▸ Work required
A faithful copy is needed of the lines below from the one with "(9) x EISENHOWER ONE DOLLAR COINS" up to and including the one with "Custom Polynesia Beach"; set it down with no pictures and no other lines.

▸ Supplied data
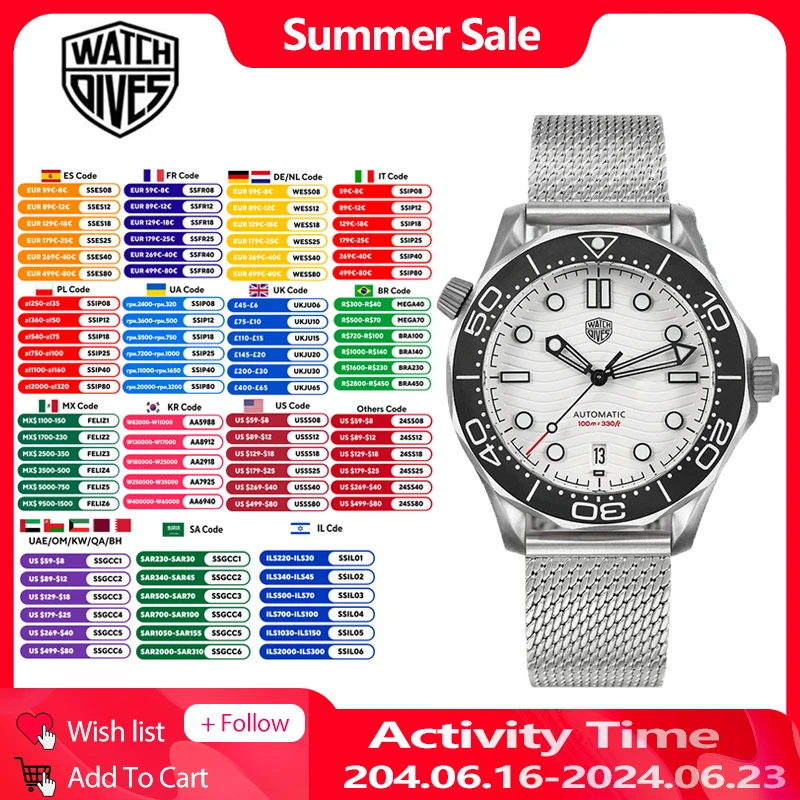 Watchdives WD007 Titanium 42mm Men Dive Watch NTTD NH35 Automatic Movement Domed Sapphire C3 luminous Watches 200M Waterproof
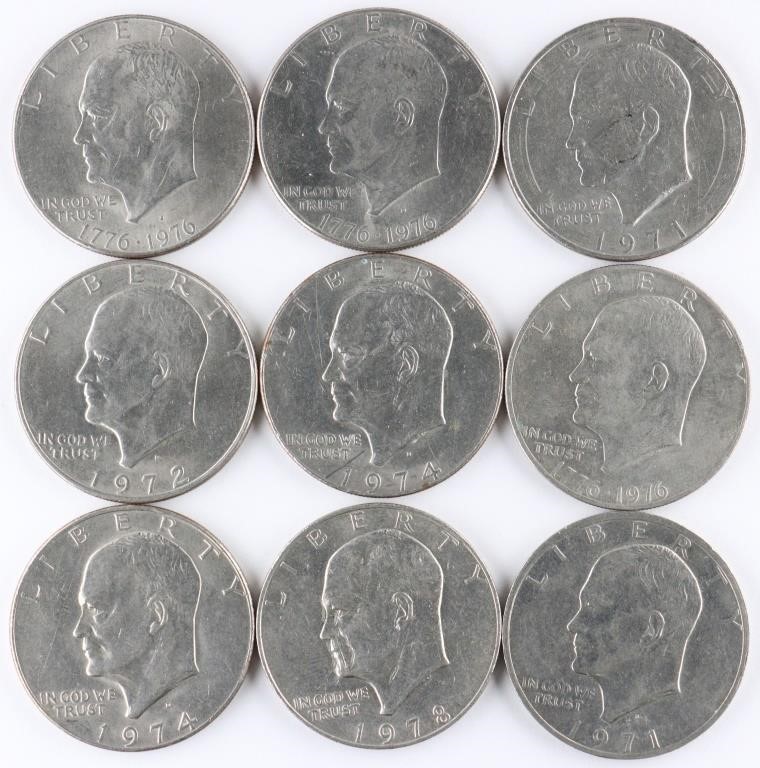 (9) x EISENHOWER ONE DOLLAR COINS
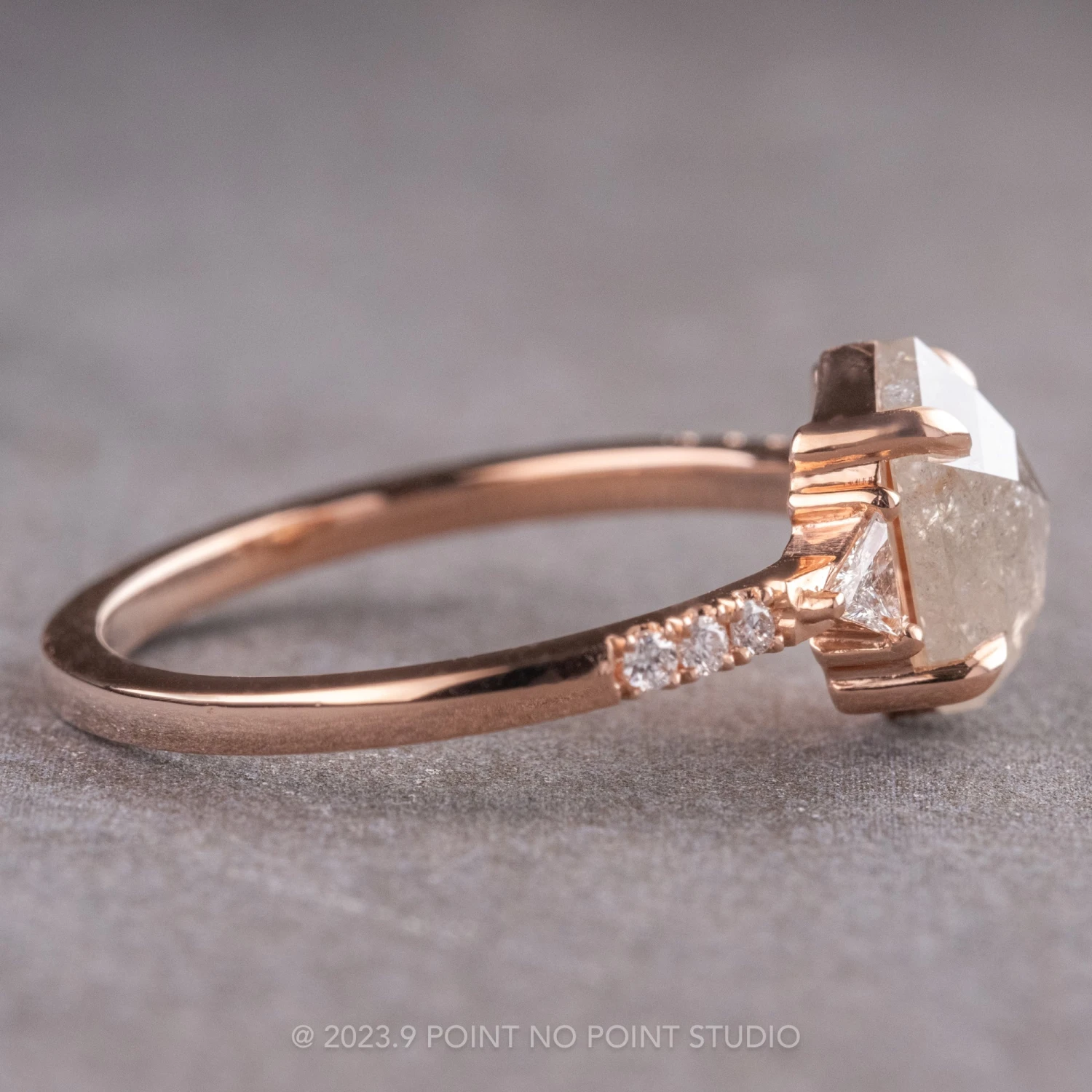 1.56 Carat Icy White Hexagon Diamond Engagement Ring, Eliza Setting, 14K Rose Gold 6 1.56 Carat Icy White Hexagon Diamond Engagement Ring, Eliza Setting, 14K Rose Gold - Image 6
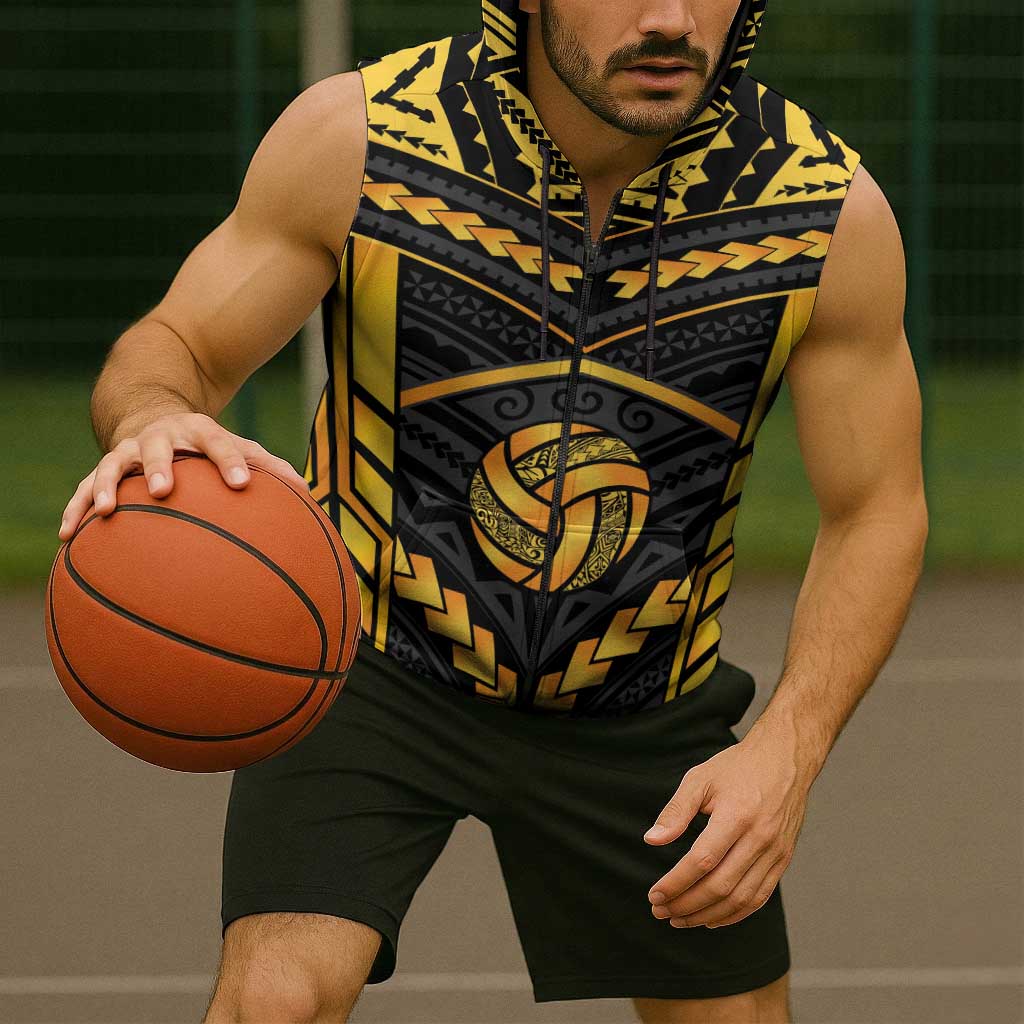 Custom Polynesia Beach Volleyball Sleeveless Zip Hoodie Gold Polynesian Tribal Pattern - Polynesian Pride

---

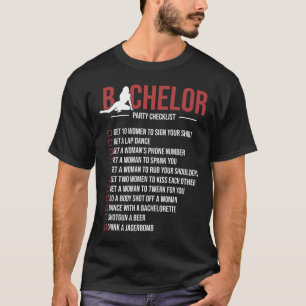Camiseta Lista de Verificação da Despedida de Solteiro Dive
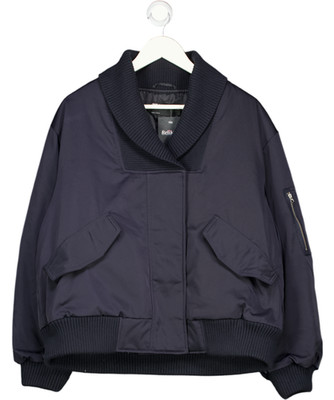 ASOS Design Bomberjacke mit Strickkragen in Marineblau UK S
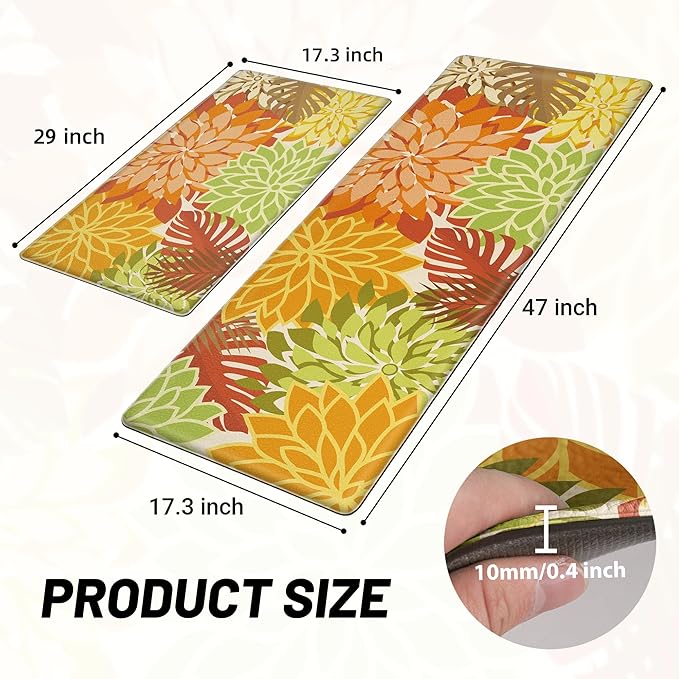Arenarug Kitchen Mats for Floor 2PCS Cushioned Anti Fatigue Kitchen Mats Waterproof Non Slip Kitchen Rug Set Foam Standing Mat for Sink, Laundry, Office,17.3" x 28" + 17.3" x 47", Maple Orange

▸ Solved problem
 (9) x EISENHOWER ONE DOLLAR COINS
 1.56 Carat Icy White Hexagon Diamond Engagement Ring, Eliza Setting, 14K Rose Gold 6 1.56 Carat Icy White Hexagon Diamond Engagement Ring, Eliza Setting, 14K Rose Gold - Image 6
 Custom Polynesia Beach Volleyball Sleeveless Zip Hoodie Gold Polynesian Tribal Pattern - Polynesian Pride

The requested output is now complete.